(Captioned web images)
┄┄┄┄┄┄┄┄┄┄

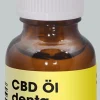 CBD Öl denta 20 ml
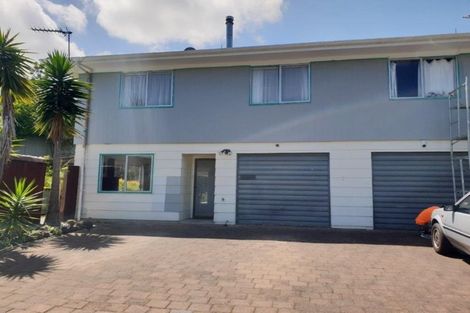 Photo of property in 68 Kohekohe Street, New Lynn, Auckland, 0600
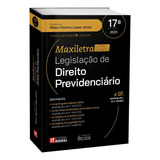 Atualizado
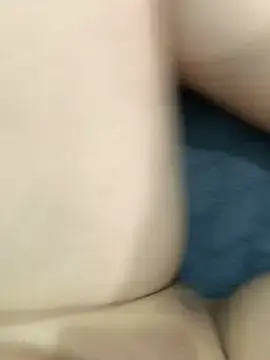 Stripchat Watch Live Sex Cams of Minaema69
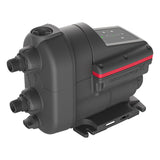 Pompe de surpression SCALA2 3-45 115V de Grundfos
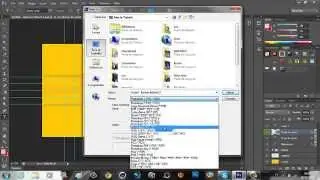 Speed Banner Pw Tutoriais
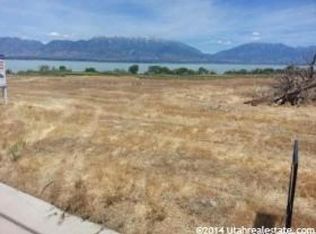 2406 Shorewood Dr, Saratoga Springs, UT 84045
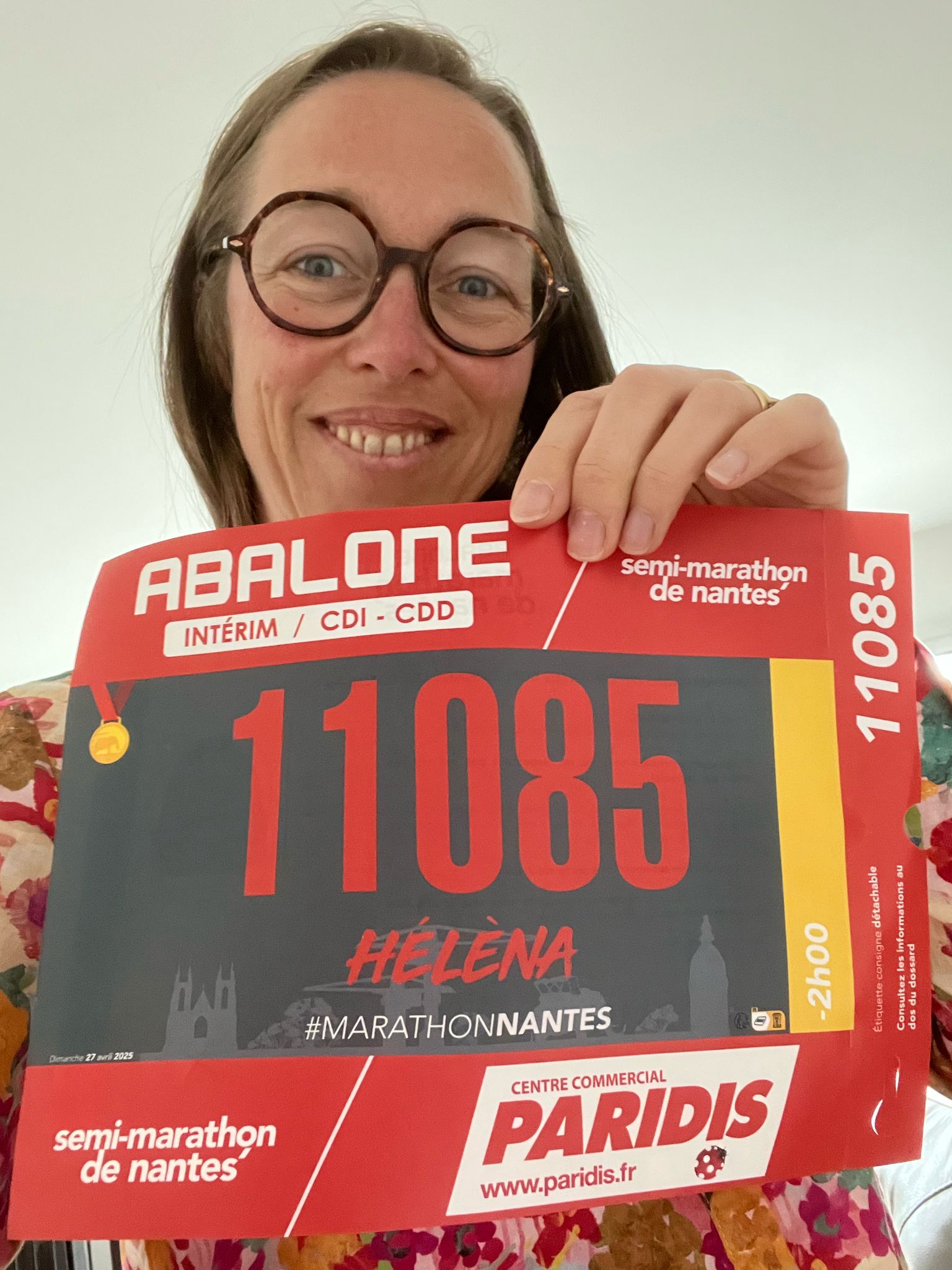 Img 20250425 wa0003 1 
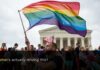 Gay Marriage Is Dividing Republicans, Again - The New York Times | 2026-06-24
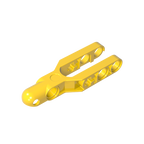 GDS-1033-030
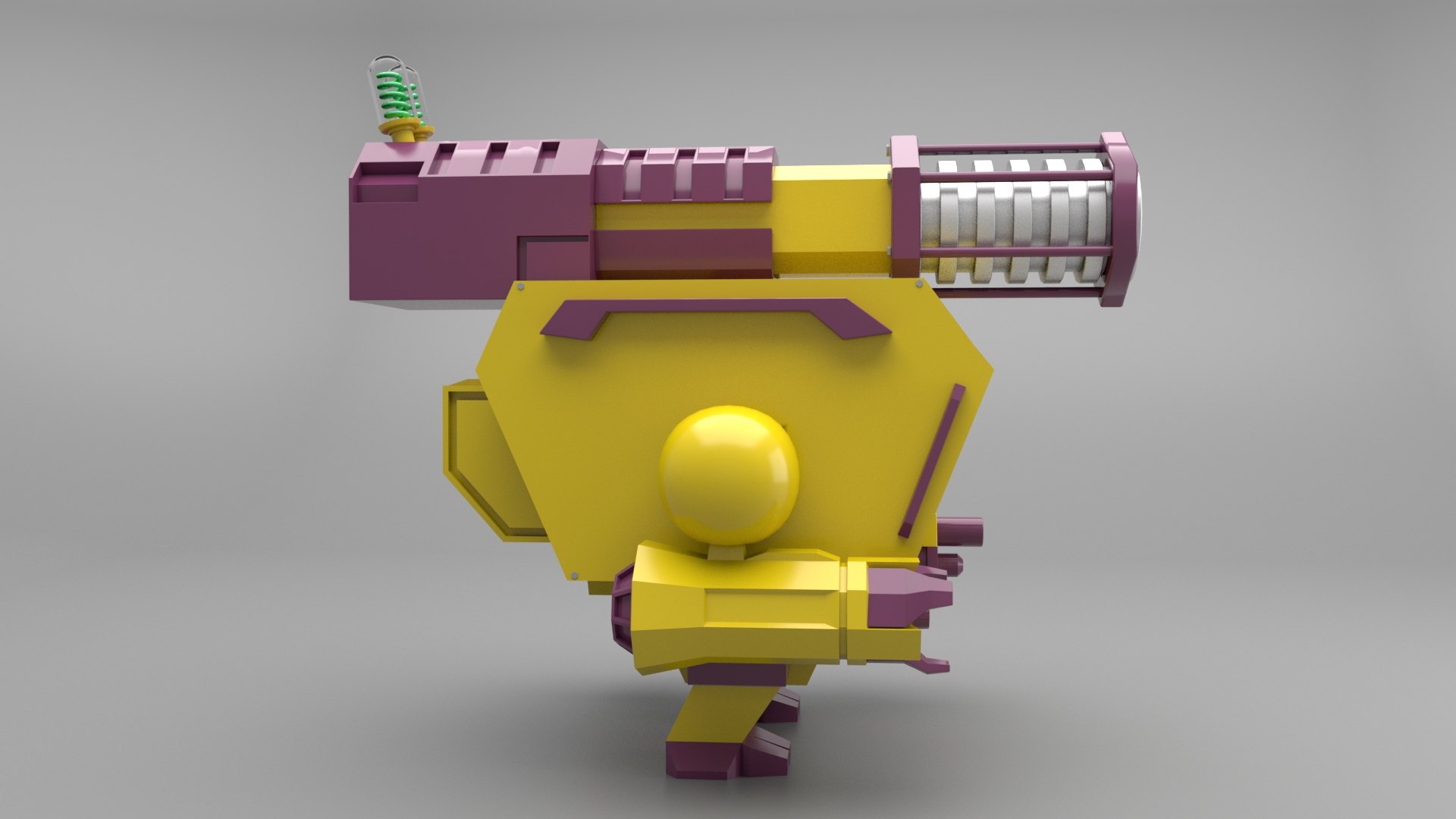 Robot 3D https://p.turbosquid.com/ts-thumb/n9/X8JgkS/Au/2/jpg/1640112462/1920x1080/fit_q87/b20e8650220a0d64a4aab94ce7fe9323d7c9df25/2.jpg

┄┄┄┄┄┄┄┄┄┄

◆ Instructions to follow
Write out the records above exactly. Pictures do not belong in the copy.

◆ Solution to the exercise
 CBD Öl denta 20 ml
 Photo of property in 68 Kohekohe Street, New Lynn, Auckland, 0600
 Atualizado
 Stripchat Watch Live Sex Cams of Minaema69
 Pompe de surpression SCALA2 3-45 115V de Grundfos
 Speed Banner Pw Tutoriais
 2406 Shorewood Dr, Saratoga Springs, UT 84045
 Img 20250425 wa0003 1 
 Gay Marriage Is Dividing Republicans, Again - The New York Times | 2026-06-24
 GDS-1033-030
 Robot 3D https://p.turbosquid.com/ts-thumb/n9/X8JgkS/Au/2/jpg/1640112462/1920x1080/fit_q87/b20e8650220a0d64a4aab94ce7fe9323d7c9df25/2.jpg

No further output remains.